XXXII Niedziela Zwykła Roku B (7.11.2021): 1 Krl 17,10-16; Ps 146(145); Hbr 9,24-28; Mk 12,38-44.
Biblijna historia Eliasza jest kanwą powieści brazylijskiego pisarza Paulo Coelho pt. „Piąta góra”. Na s. 38 i następnych w tej powieści jest wątek poświęcony spotkaniu Eliasza z wdową z Sarepty Sydońskiej, o którym słyszeliśmy w dzisiejszym pierwszym czytaniu z Pierwszej Księgi Królewskiej. Zacytuję ten fragment książki Paulo Coelho:
Eliasz wędrował przez kilka dni, nim dotarł do doliny, gdzie leżało miasto Sarepta, przez jego mieszkańców nazywane Akbar. Gdy był już u kresu sił, zobaczył jakąś kobietę ubraną na czarno. Zbierała drwa na opał. Musiała zadowolić się małymi suchymi gałązkami, gdyż roślinność w dolinie była skąpa.
– Kim jesteś? – zapytał.
Kobieta patrzyła na obcego, nie rozumiejąc jego słów.
– Przynieś mi, proszę, wody w naczyniu, bo chce mi się pić –rzekł do niej El8iasz. – Przynieś mi też trochę chleba.
Kobieta odłożyła chrust, ale nadal nic nie mówiła.
– Nie lękaj się. Jestem sam, głodny i spragniony i nie mam sił, by komuś zagrażać.
– Nie jesteś stąd – odpowiedziała mu w końcu. – Sądząc po twojej mowie, przybywasz zapewne z królestwa Izrael. Gdybyś znał mnie lepiej, wiedziałbyś, że nic nie mam.

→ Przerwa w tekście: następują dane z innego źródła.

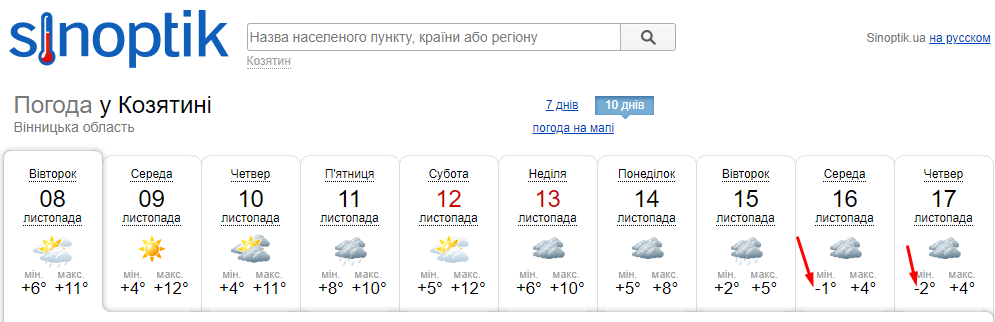 Новини Козятина - фото з Може насипати до 20 см снігу: несподіваний прогноз синоптиків на середину листопада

– Jesteś wdową, tak mi rzekł Pan. Ja mam jeszcze mniej niż ty. Jeśli nie dasz mi jeść i pić, umrę.
Kobieta przestraszył się. Skąd ten cudzoziemiec mógł wiedzieć coś o jej życiu?
– Mężczyzna proszący kobietę o pożywienie powinien się wstydzić – odparła, odzyskując nad sobą panowanie.
– Zrób to, o co proszę – nalegał Eliasz, czując, że opuszczają go siły. – Gdy wydobrzeję, będę dla ciebie pracował.
Kobieta zaśmiała się.
– Chwilę temu powiedziałeś prawdę – jestem wdową, która straciła męża na jednym ze statków mego kraju. Nigdy nie widziałam oceanu, ale wiem, że jest jak pustynia – zabija tych, którzy rzucają mu wyzwanie.
I ciągnęła dalej:
– Co do reszty, to się mylisz. Tak jak pewne jest, że Baal żyje na szczycie Piątej Góry, tak pewne jest to, że nie mm niczego do jedzenia . Tylko garść mąki w dzbanie i trochę oliwy w baryłce.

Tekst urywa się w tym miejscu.